In jüngster Vergangenheit gab es drei Wasserrohrbrüche, die Straßendecke wurde jeweils provisorisch mit Pflastersteinen geflickt. Das trägt ebenso zu Erschütterungen bei. Auch direkt vor der Hausnummer 23, wo Carolin und Bodo Asbeck seit 1992 wohnen, sind die Leitungen schon einmal aufgebrochen. „Die Straße ist ein Dauerbrenner in Sachen Zerstörung“, sagt Carolin Asbeck. Sie und ihr Mann befinden sich im Epizentrum. Über zwei Meter vom Fliesenboden bis zur Decke zieht sich im Keller ein Riss die Wand entlang, eine Tür lässt sich deswegen nicht mehr schließen. „Seit fünf, sechs Jahren tauchen die Risse auf“, so Carolin Asbeck. Fast noch schlimmer sei der Lärm. „Nachts können wir nicht bei offenem Fenster schlafen, weil ab 3.30 Uhr die erste Verkehrswelle rollt. An Tempo 30 hält sich ja sowieso keiner.“

Viele der Lkw gehören zur Firma Eggers aus Tangstedt. Dort hatten die Anwohner vor kurzem ein Gespräch – die Geschäftsführung versprach, die Fahrer ausdrücklich daran zu erinnern, sich an die Geschwindigkeitsbeschränkung zu halten. Aber Eggers ist eben nur eines von diversen Unternehmen.

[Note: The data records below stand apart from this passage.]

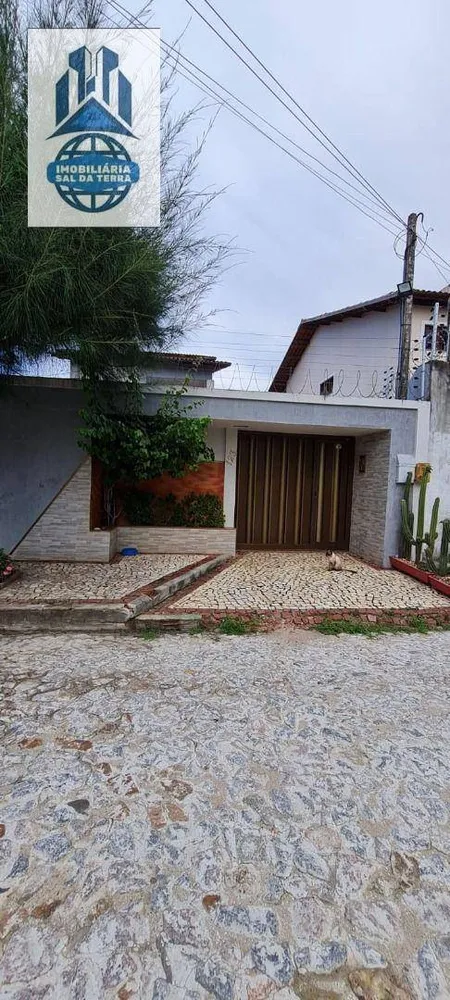 Casa, 3 quartos, 258 m² - Foto 2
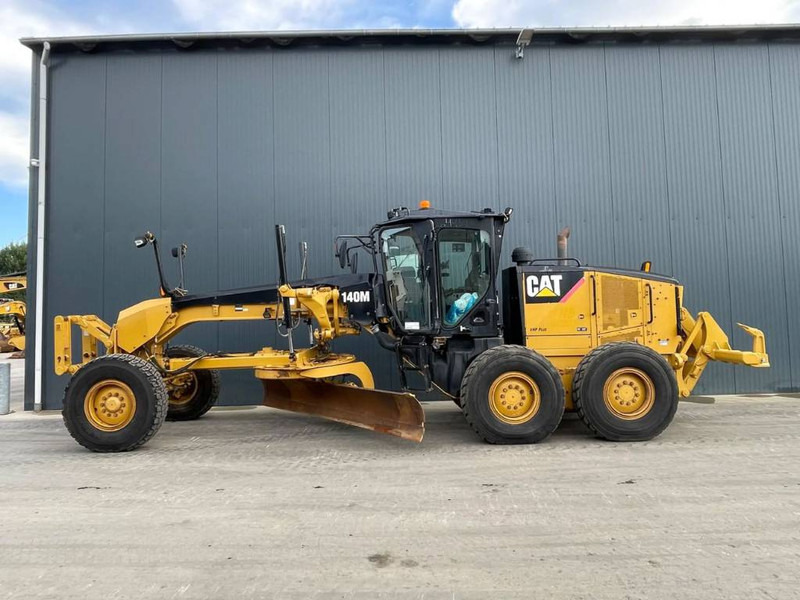 Cat 140M - Порамнувач: слика 5 Cat 140M - Порамнувач: слика 5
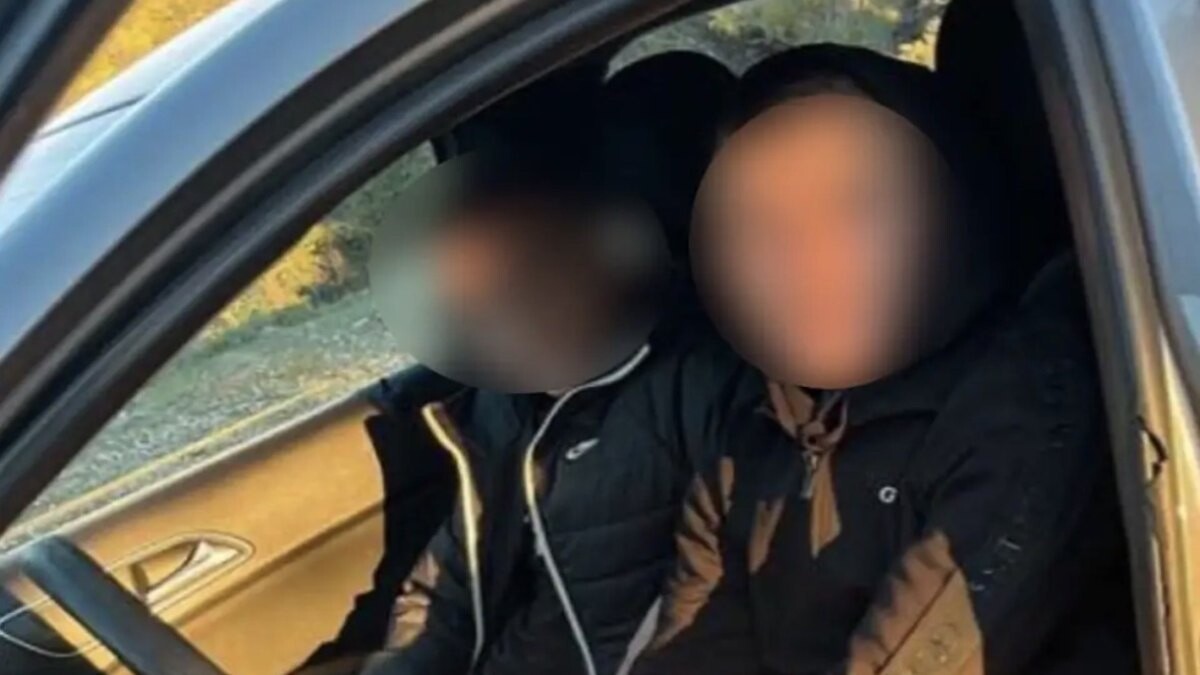 Auτoς είναι ο 17χρονος vεκpoς από το Λουτράκι και δίπλα ο Tpαuματiας φίλος του! Πώς έγινε το Aιματnpo περιστατικό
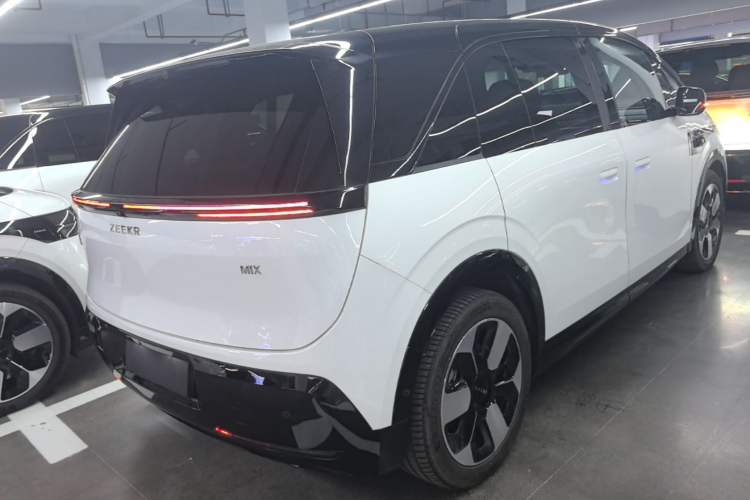 Used Zeekr MIX 2025 Intelligent Driving Version Rear Right 45 Deg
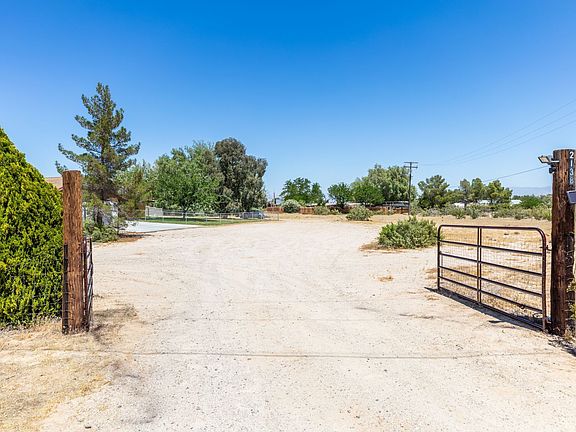3rd image of 2138 W Las Flores Ave
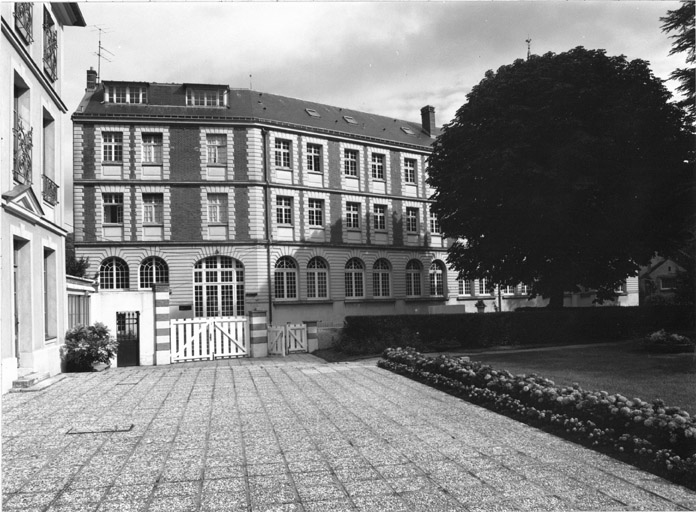 Vue partielle de la façade donnant sur la rue Sainte-Anne du bâtiment à usage scolaire (vue prise de la cour).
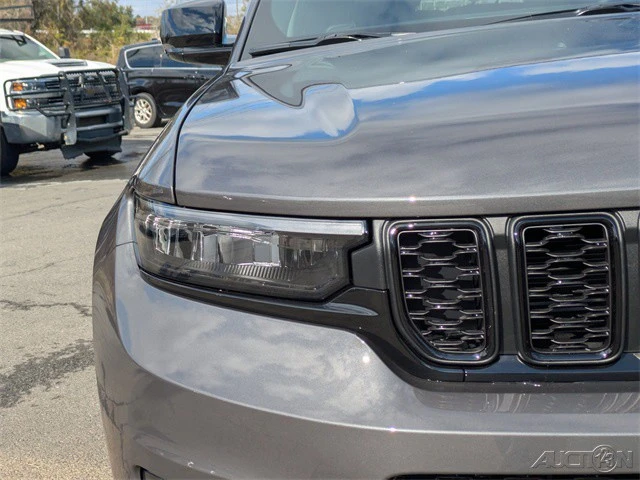 2025 Jeep WL Grand Cherokee - Image 10 of 12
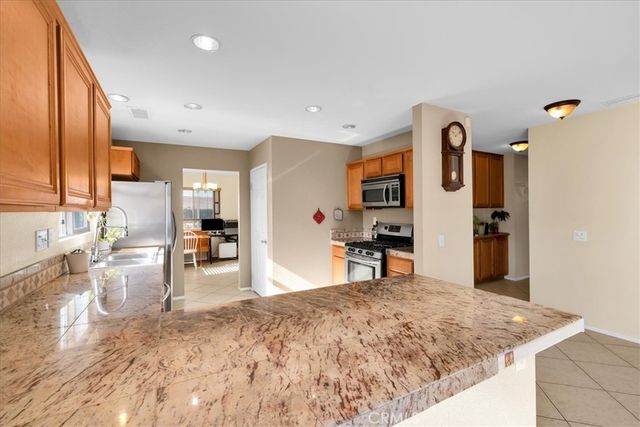 5279 Verenda Avenue, 29 Palms, CA 92277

Als Landesstraße fällt die L 75 in den Zuständigkeitsbereich des Landesbetriebes Straßenbau und Verkehr (LBV). Der Sanierungsbedarf ist dort zwar bekannt, hat aber nicht höchste Priorität. „Eigentlich steht der Zeitplan, man geht von einer 16-monatigen Bauzeit aus. Aber es gibt nichts Neues“, sagt Nahes Bürgermeister Holger Fischer. „Erst hieß es Ende 2014, das klang hervorragend. Aber jetzt klingt das nicht mehr so.“ Voraussichtlich 2016 könnten die Arbeiten beginnen, aber auch das ist nicht gewiss.

Parallel würde die Gemeinde gerne den Fußweg sanieren, dazu neue Schmutz- und Regenwasserleitungen verlegen; die Kosten liegen im siebenstelligen Bereich. All das macht jedoch nur Sinn, wenn parallel die Wakendorfer Straße repariert wird. Fischer möchte nun möglichst bald eine Anliegerversammlung einberufen und hat den LBV um eine Teilnahme gebeten. Hinsichtlich der Gebäudeschäden rät Fischer den Bürgern, zumindest juristisch prüfen zu lassen, ob der LBV in Verantwortung gezogen werden könnte. Die Menschen sind jedoch skeptisch, befürchten einen teuren und letztlich erfolglosen Rechtsstreit. Denn die Beweislast liegt auch in diesem Fall bei den Geschädigten. Ein Entgegenkommen vom LBV können die Anwohner nicht erwarten – die Behörde vertritt den Standpunkt, dass Erschütterungen, die vom normalen Verkehr stammen, hingenommen werden müssen.